The airline was launched in 1995, with two aircraft and a handful of destinations, recalled Al Baker. “I was brought in back in 1997 to relaunch the airline with a very clear mandate – create a carrier that serves the needs of the state of Qatar and, at the same time, create an airline that was the best.”
The carrier’s first Boeing 787 arrives on November 12 and another four will be delivered before the end of 2012. “Qatar Airways is not only buying aircraft, but is concentrating on giving the highest comfort levels for passengers in all classes,” says Al Baker. “We’re giving passengers unparalleled amenities and Boeing 787 that we will operate will be the most luxurious airliner of its type that will be flying.”
Recaro-made economy class seats are on the 787, though they will ultimately need to altered so that the armrests can retract flush against the seat. “Boeing had a catalogue and you can’t order outside the catalogue. But Qatar has very high standards and very high demands. Aircraft manufacturers have to oblige and understand what customers want. They can’t just give us a catalogue and say ‘this is what we can give – take it or leave it.’”
Qatar’s 787 will have onboard Internet. “That is what passengers want and this is why the aircraft isn’t in service yet. We took delivery of the aircraft and now it’s in Victorville, California, with Boeing installing inflight connectivity,” says Al Baker. “The first 10 aircraft will be done in Victorville. And from aircraft 11 onward, it will be done on line.”
Qatar will offer a connectivity hardware solution from its IFE provider, Thales, with service from SITA/Airbus joint venture OnAir. Its connectivity runs over the Inmarsat SwiftBroadband link, which will boast better speeds, in part, because of pressure from Qatar.
Qatar Airways has helped Boeing refine its product, says Al Baker. “We have helped Boeing to upgrade a lot of things on the airplane and Boeing is very appreciative that Qatar as an airline has been so aggressive in pushing them to improve their product.”
Another key part of Qatar’s passenger experience will be the new $16 billion Doha International Airport, which will open by the second half of 2013. “This will most certainly, without doubt, be the most sophisticated and the best airport in the world.
“I’m also CEO of the airport, which puts me in charge of the total passenger experience in the air and on the ground. This is the only airport in the world which has been designed not by an architect, but by an airline,” says Al Baker. Some of the features include a full spa, a 25-meter swimming pool, squash courts and a 200-room airside hotel.

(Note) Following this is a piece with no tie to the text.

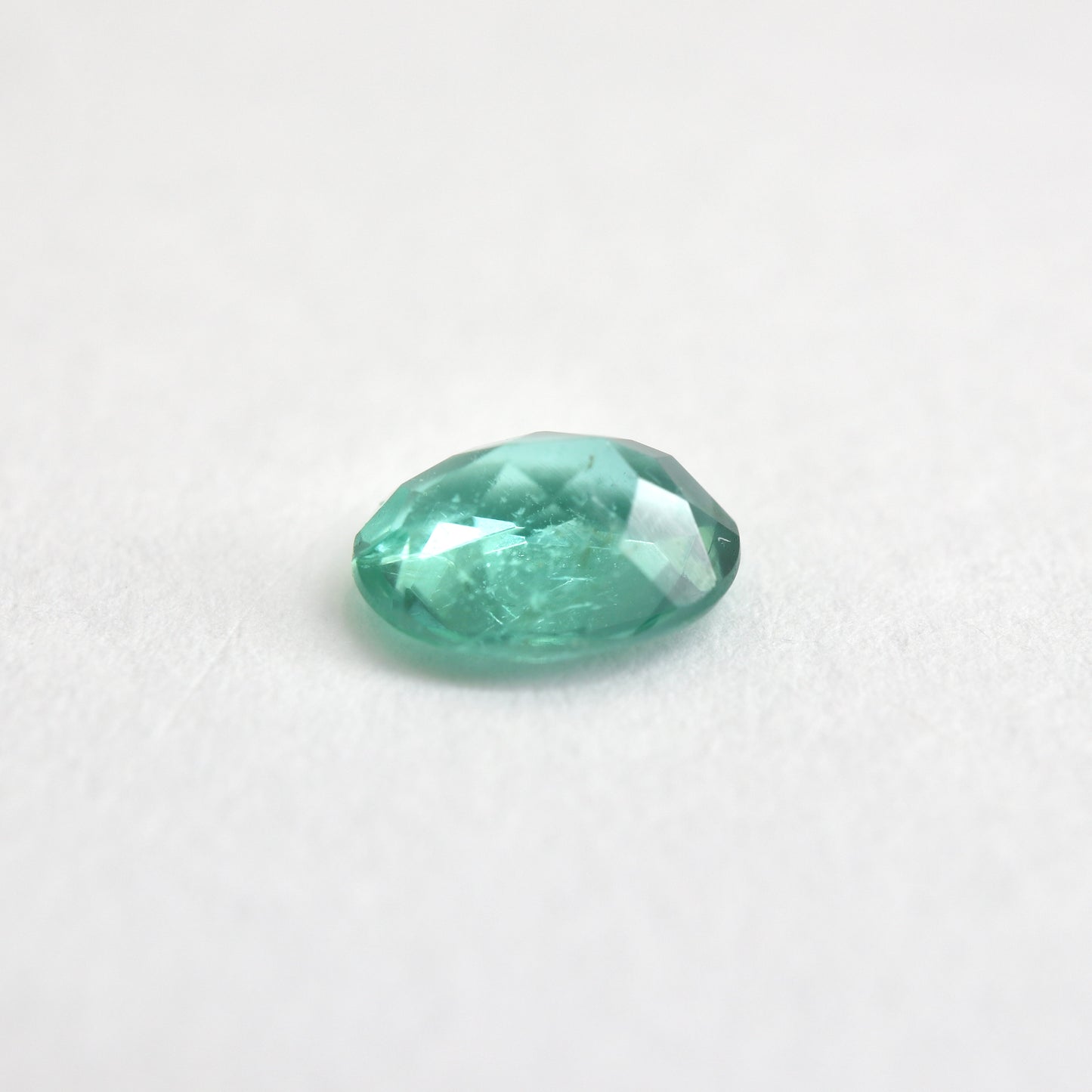【エメラルド0.29ct】【D047】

Qatar Airways is always shifting the bar for other airlines, according to Al Baker, who offered an example. “We were the first airline in the world after British Airways to have a horizontal lie-flat seat in our premium cabin. You see today that all carriers are providing that,” he says. “But they did it five years after us. We don’t follow other airlines. We audit other airlines to see how we can change and get better.”